→ Exercise data:
● ● ● ●

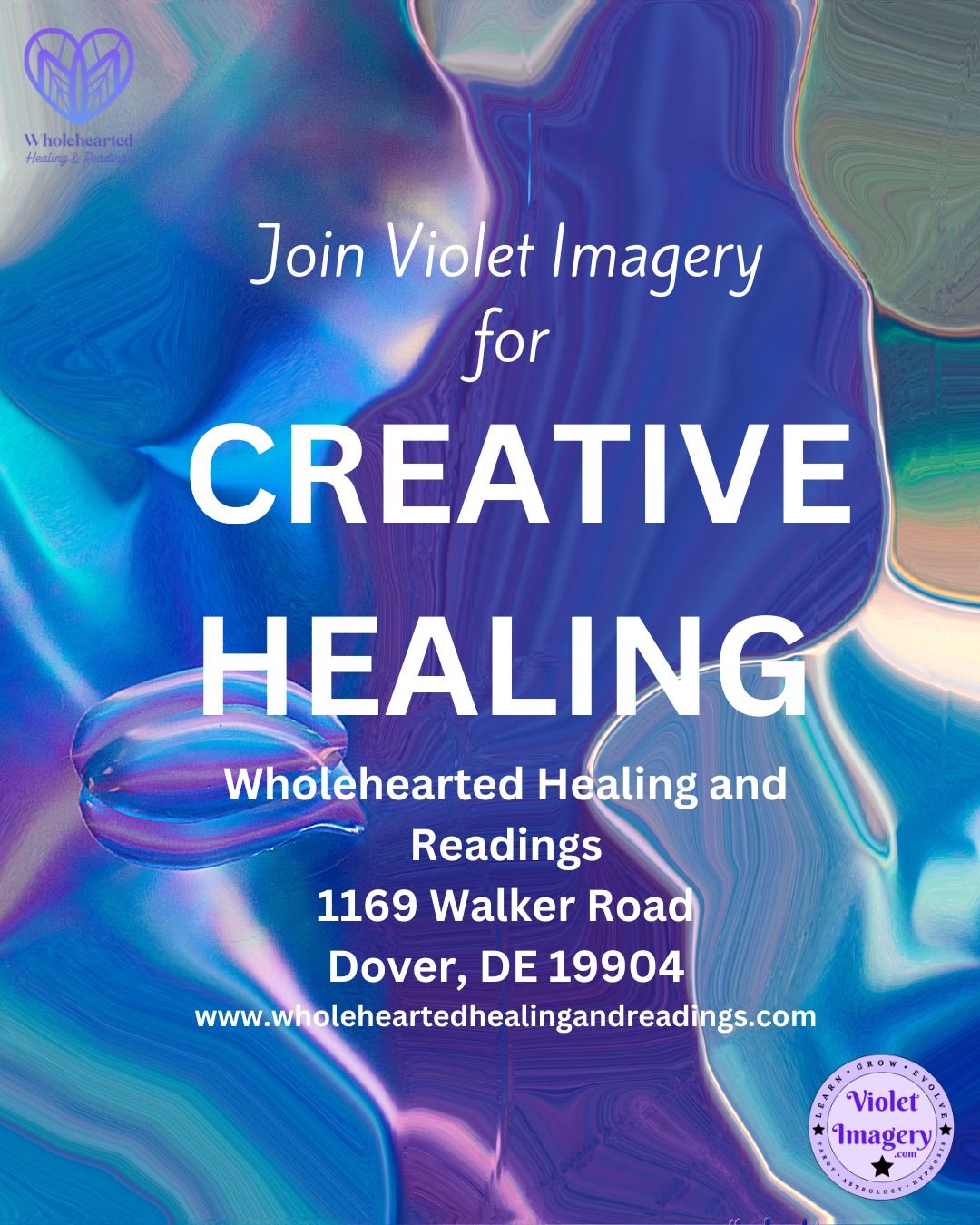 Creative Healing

● ● ● ●

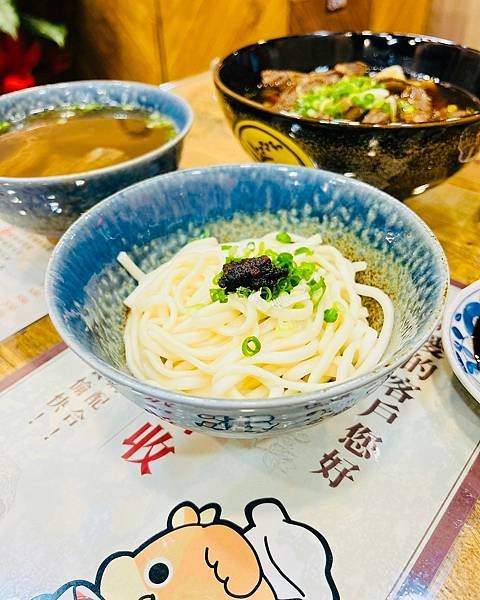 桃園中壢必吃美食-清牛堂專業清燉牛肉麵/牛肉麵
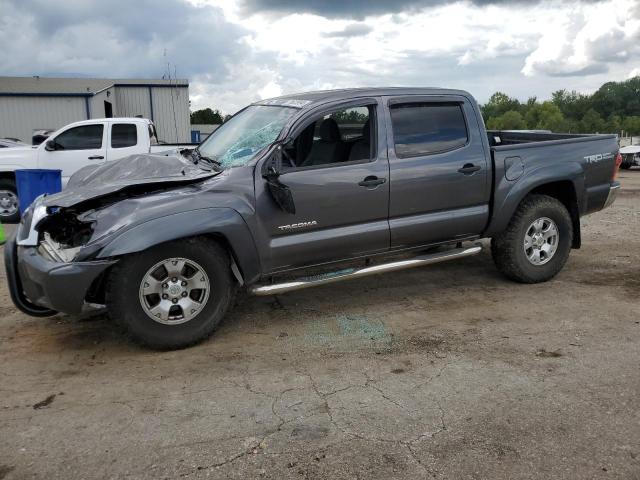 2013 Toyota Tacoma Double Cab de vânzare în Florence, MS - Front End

● ● ● ●

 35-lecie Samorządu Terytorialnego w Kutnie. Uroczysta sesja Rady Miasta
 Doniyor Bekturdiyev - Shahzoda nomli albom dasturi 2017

● ● ● ●

Your answer should be the lines of the listing above between the line holding "35-lecie Samorządu Terytorialnego" and the line holding "Doniyor Bekturdiyev - Shahzoda", inclusive, restated word for word and alone.

 35-lecie Samorządu Terytorialnego w Kutnie. Uroczysta sesja Rady Miasta
 Doniyor Bekturdiyev - Shahzoda nomli albom dasturi 2017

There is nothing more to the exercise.